Pain and suffering refers to the physical or emotional injuries a person suffers following an injury. After a car accident, physical injuries and related pain and physical discomfort, as well as emotional distress can be compensated in a personal injury lawsuit.
This could include damages for the actual pain and discomfort, accompanying mental anguish, symptoms related to the trauma, and permanent physical injuries.
Pain and suffering aren’t limited to the here and now. Some car accident injuries manifest immediately, while others can take weeks or months to appear. Head trauma resulting in brain injury, for instance, is one of the most common and potentially fatal consequences of a car accident. Life-threatening injuries could worsen over weeks without a person realizing that they resulted from an accident.
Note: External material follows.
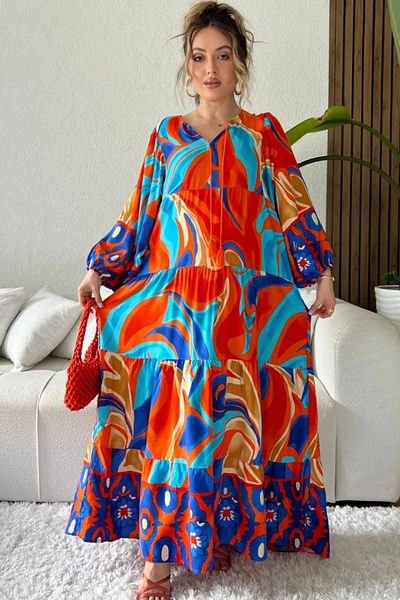 AYASOFYA OTANTIK Women's Orange V-neck Balloon Sleeve Ethnic Patterned Long Dress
Undiagnosed and untreated brain bleeds can result in catastrophic consequences.
How Much is Pain and Suffering Worth?
Going the route of an insurance settlement for your car accident injuries may leave you with less compensation than your accident is worth. Insurance adjusters may offer only partial compensation to accommodate your pain and suffering. On the other hand, our personal injury attorneys consider monetary and non-economic damages to reach a worthy settlement.
When pursuing restitution, our attorneys look at physical pain and discomfort, future pain and suffering, the impact of injuries and limitations on a person’s lifestyle or job, the adverse effects of physical pain, and even the discomfort of necessary medical treatment. In other words, there is no cookie-cutter approach to determining a settlement, but our legal team will work together with you to identify the maximum amount for your recovery.
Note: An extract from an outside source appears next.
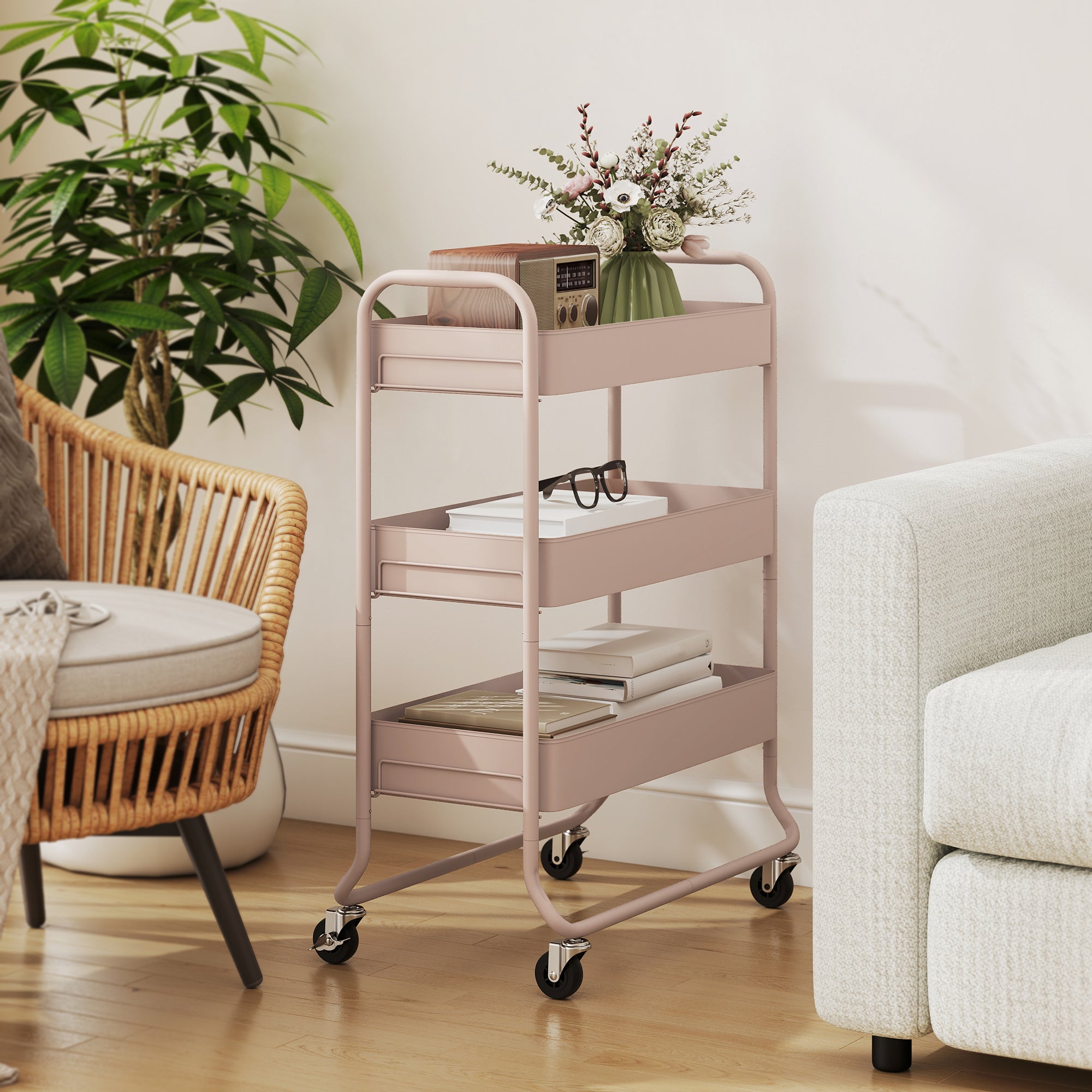 3-Tier Storage Trolley on Wheels, Rolling Utility Cart with Mesh Backets, Mobile Storage Cart for Kitchen, Bathroom, Bedroom, Light Pink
How Do You Prove Pain and Suffering?
Generally speaking, two types of pain and suffering support a claim for bodily injury and harm. The first is physical pain and suffering, while the second is mental anguish. A record of medical visits and treatment related to your injury is necessary in a personal injury lawsuit, even when pain isn’t visible. Sometimes injuries appear in the first 24-48 hours, while other internal injuries might surface weeks later and cause further injuries or illnesses.
With proof, the victim of the accident can sue the at-fault driver for medical bills, pain and suffering, property damage, and other losses.
What Other Factors are Involved in Calculating a Settlement?
Personal injury lawsuits consider both economic and non-economic factors in reaching a settlement amount. Economic damages include medical bills, lost wages, and other out-of-pocket expenses related to your injuries.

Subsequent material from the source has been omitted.